The Law of Large Numbers

The averaging intuition above is made precise by the Law of Large Numbers (LLN). If \(\omega_1, \omega_2, \ldots\) are independent draws from \(p\), then for any \(t \colon \Omega \to \mathbb{R}\):

\[ \frac{1}{N}\sum_{i=1}^N t(\omega_i) \;\longrightarrow\; \mathbb{E}_{p(\omega)}[t(\omega)] \quad \text{as } N \to \infty. \]

For our purposes, this means that we can estimate any expectation by sampling: draw \(N\) samples from \(p\), apply \(t\) to each, and average. For large enough \(N\), the result will be close to the true expectation. This is the core idea behind Monte Carlo estimation, which forms the basis of this course.

Estimating probabilities

For any event \(E \subseteq \Omega\), the indicator function \(\mathbf{1}_E : \Omega \to \mathbb{R}\) equals 1 on outcomes in \(E\) and 0 otherwise:

\[ \mathbf{1}_E(\omega) := \begin{cases} 1 & \text{if } \omega \in E, \\ 0 & \text{if } \omega \notin E. \end{cases} \]

Task 1. (Easy.) Show that \(\mathbb{E}_{p(\omega)}[\mathbf{1}_E(\omega)] = P(E)\).

TipSolution

By definition of expectation, \[ \mathbb{E}_{p(\omega)}[\mathbf{1}_E(\omega)] = \sum_{\omega \in \Omega} \mathbf{1}_E(\omega)\, p(\omega) = \sum_{\omega \in E} p(\omega) = P(E). \]

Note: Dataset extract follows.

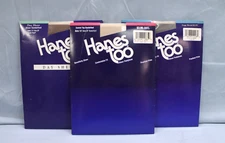 VTG HANES TOO Buff/Taupe/Barely SANDALFOOT Sheer/Control Top PANTYHOSE Sz EF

By the Law of Large Numbers, this means we can estimate any probability by sampling and counting the fraction of samples that fall in \(E\):

\[ P(E) \approx \frac{1}{N} \sum_{i=1}^N \mathbf{1}_E(\omega_i). \]

Rejection sampling from the conditional distribution

Often we want to estimate a quantity that depends not on the full distribution \(p\), but on the conditional distribution \(p(\,\cdot \mid F)\) given some observed event \(F\). By the Law of Large Numbers, it suffices to generate samples from \(p(\,\cdot \mid F)\) — but how do we do that when we only know how to sample from \(p\)?

The simplest strategy is rejection sampling (also called conditioning by filtering): draw many samples from \(p\) and discard every sample that does not lie in \(F\). The surviving samples behave as draws from the conditional distribution and can be used to estimate conditional expectations.

NoteRejection sampling

To estimate an expectation \(\mathbb{E}_{p(\omega \mid F)}[t(\omega)]\):

1. Draw \(N\) independent samples \(\omega_1, \dots, \omega_N \sim p\).
2. Filter the samples, keeping only those where \(\omega_i \in F\).
3. Compute the average of \(t(\omega)\) over the surviving samples.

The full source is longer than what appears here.